B2B organizations and organizations who need not commit to high industry compliance on their systems can often have a less complex test process, this allows for a quick resolution rather than tighter controls in the test system.
This is sometimes frowned down upon due to the acceptance of lower quality but fits some budgetary needs and helps smaller teams to more easily implement a change management process.
Production deployment phase
When people speak to Revelation Software Concepts about Rev-Trac, this is often the most critical phase for consideration.
The production deployment is where all of the previous phases come together to ensure an easy delivery.
Waterfall, CICD, Ad-Hoc and routine schedules can all be managed in conjunction with a Release Management process to ensure that Change Control is an easy process allowing for assessment, understanding of the risk and any potential for downgrades.
The Production Deployment phase is determined by variables such as project/support deployments, tolerance for outages and the Change Advisory Boards schedule for approving the Change Control.
Rev-Trac being a fully flexible SAP Change Management product, caters for all combinations of the above phases.
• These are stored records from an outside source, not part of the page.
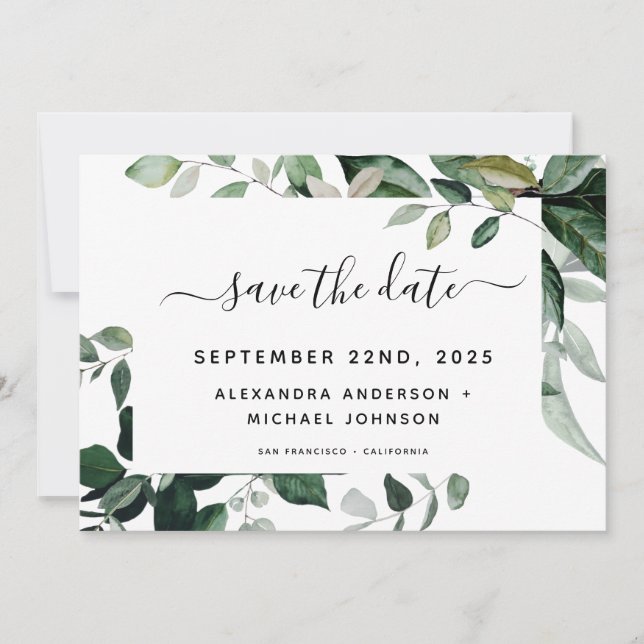 Botanical Greenery Foliage Watercolor Wedding Save Save The Date (Front)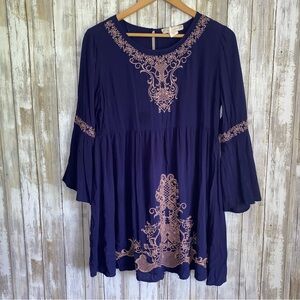 Flying Tomato Navy Embroidered Wide Sleeve Dress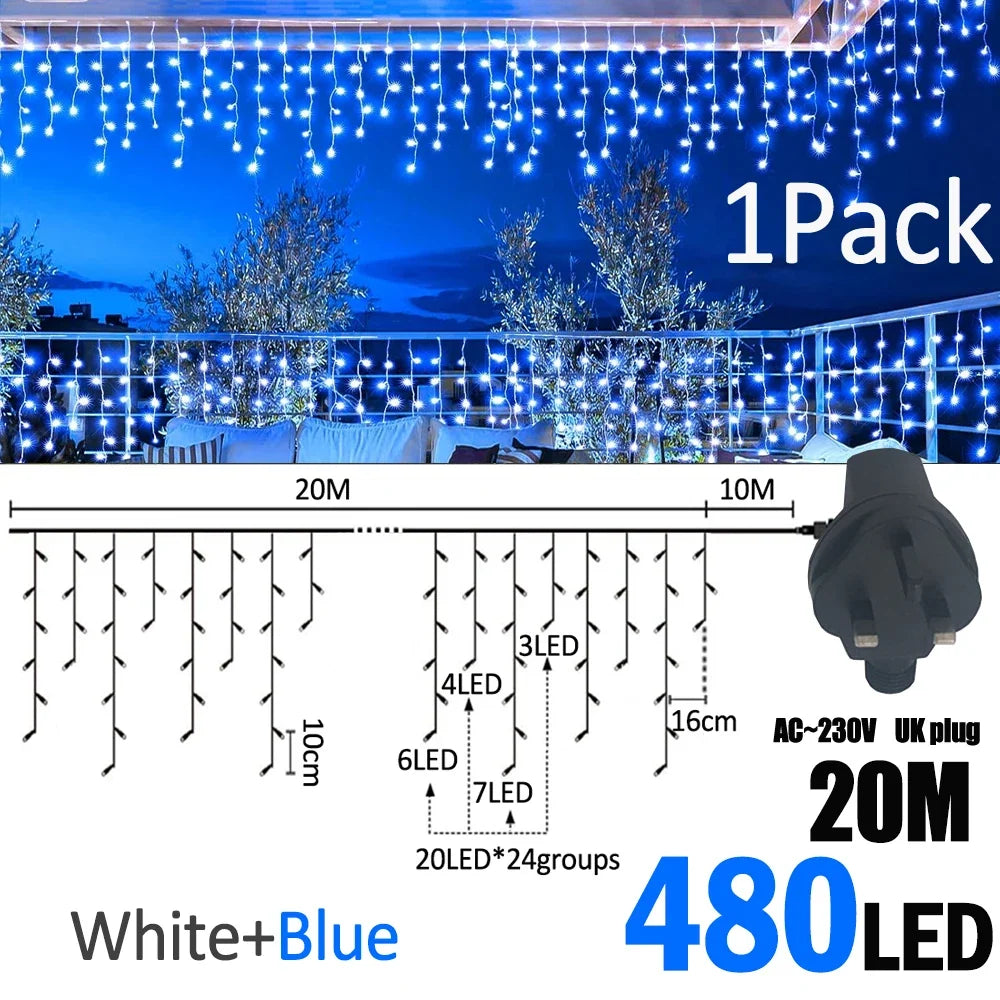 IJslicht Aurora – LED IJspegel Kerstverlichting 20 m met 480 LED's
We have worked with over 150 SAP customers across every industry to customize a change Management process that is robust and dynamically capable for any demand on any of the critical phases of SAP change deployment.
There are not too many environments which have the exact same process.
That is why the ease and flexibility of configuring highly custom processes has often been a critical determining factor for our customers’ decisions to use Rev-Trac to manage SAP change.